Respect your partner. Everyone at U of Chicago has earned academic respect by being accepted to this university. Even if you have more experience than your partner, the purpose of these activities is to learn, not to be correct. Respect your partner's ideas and provide positive feedback when merited, even if you might have an idea you think is better.
Take breaks. If you work too long, you will be more easily frustrated, and you might accidentally take that frustration out on your partner. You should not work for more than an hour without a break.
Prepare. Make sure you have attended class and/or read the relevant resources so that your partner does not need to teach you what you should have already seen.
Practice good hygiene. This includes showering daily, wearing deodorant, and wearing laundered clothing. Different cultures have different practices, but when working in close physical proximity, it is important to be mindful of local practices.
Have fun. Don't be afraid to make jokes, unless they could be interpreted as insulting to the other person.

Don't:

control the other person. Make sure that each person has the chance to explore solutions, even if they do not match your solution. If you are making suggestions about what code the other partner produces, be very careful that your ideas are enough better to merit the suggestion. It's important that each student be able to try their ideas and get feedback from the system. If you impose your ideas on your partner, you are robbing him/her of that important learning opportunity.
be intimidated. Some of the material is quite challenging, which is what partners are for. All of the material is chosen to match your experience.
be quiet. Yes, you should allow for independent work periods. But if you have a question, that's what the collaboration is all about!
suffer in silence. If there are issues in your collaborative partnership, please speak with an instructor to help resolve them. This experience should enhance your learning, not detract from it.

Duet Programming Protocol

Duet Programming is divided into three phases. Each phases begins with independent working and ends with a discussion. The second two phases may be repeated, with the two partners switching roles each iteration. From a high level, partner A will be the functionality developer, and partner B will be the test developer.

Phase 1: Problem Clarification, test design

Student A: Determine exact interfaces for functions. Implement the "skeleton" files - main, .h, and .c files. These files must compile and include all of the functions you will implement. For all functions, they will contain a single line that returns an item of the right type (if they are supposed to return something).

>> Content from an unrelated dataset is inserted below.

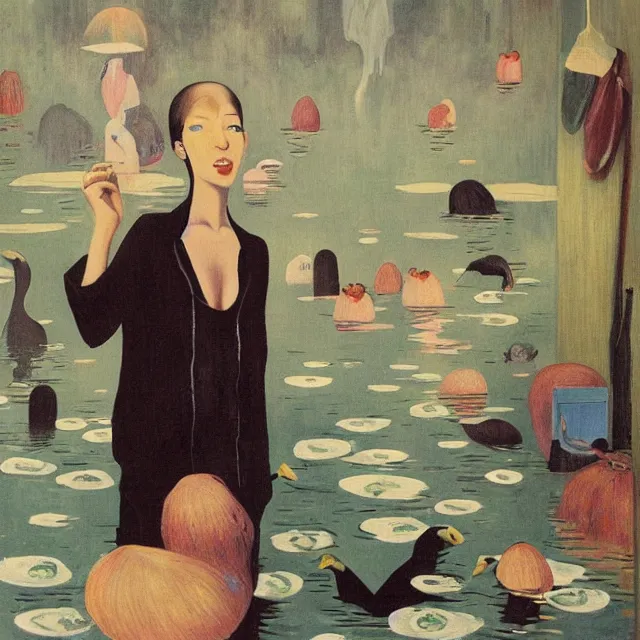 Prompt: tall female emo artists in their flooded apartment, rotenburo, painting of flood waters inside an artist's home, a river flooding indoors, pomegranates, pigs, ikebana, zen, water, octopus, river, rapids, waterfall, black swans, canoe, berries, acrylic on canvas, surrealist, by magritte and monet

Student B: Identify input ranges, (valid inputs and non-valid inputs with borders), identify which inputs should be test cases and their expected results. Categorize test cases as "normal," "boundary," or "error." These tests are called black box tests because you know only the interfaces, not the actual code, when you design them.

Discussion: Both students inspect the others' work. They ask any questions when they are unsure, suggest more test cases if applicable. Divide the functions into groups and order them in the order in which you will implement them. Execute phase 2 and 3 separately for each group of functions, trading off between roles.

Phase 2: Implementation

Student A: Implement the first group of functions (in the .c file).

Student B: Implement the tests for the first group of functions. Do not forget to use good modularity when designing your test code.

Discussion part 1: Look input ranges from the black box tests. Is there separate code to handle each case? If not, are the different ranges equivalent? Also, verify that the boundaries in the input ranges match the boundaries present in the code.
Discussion part 2: Looking at student A's code, jointly develop a set of white box tests that exercise all paths in the code. If you developed more tests than the black box tests, discuss whether that code is necessary, or whether the initial tests were insufficient.

Phase 3: Compilation and testing

This phase is performed together. First remove any compilation errors. Then execute the test cases. Discuss and jointly correct any bugs.
Once you have completed phases 2 and 3 for a group of functions, switch roles and repeat!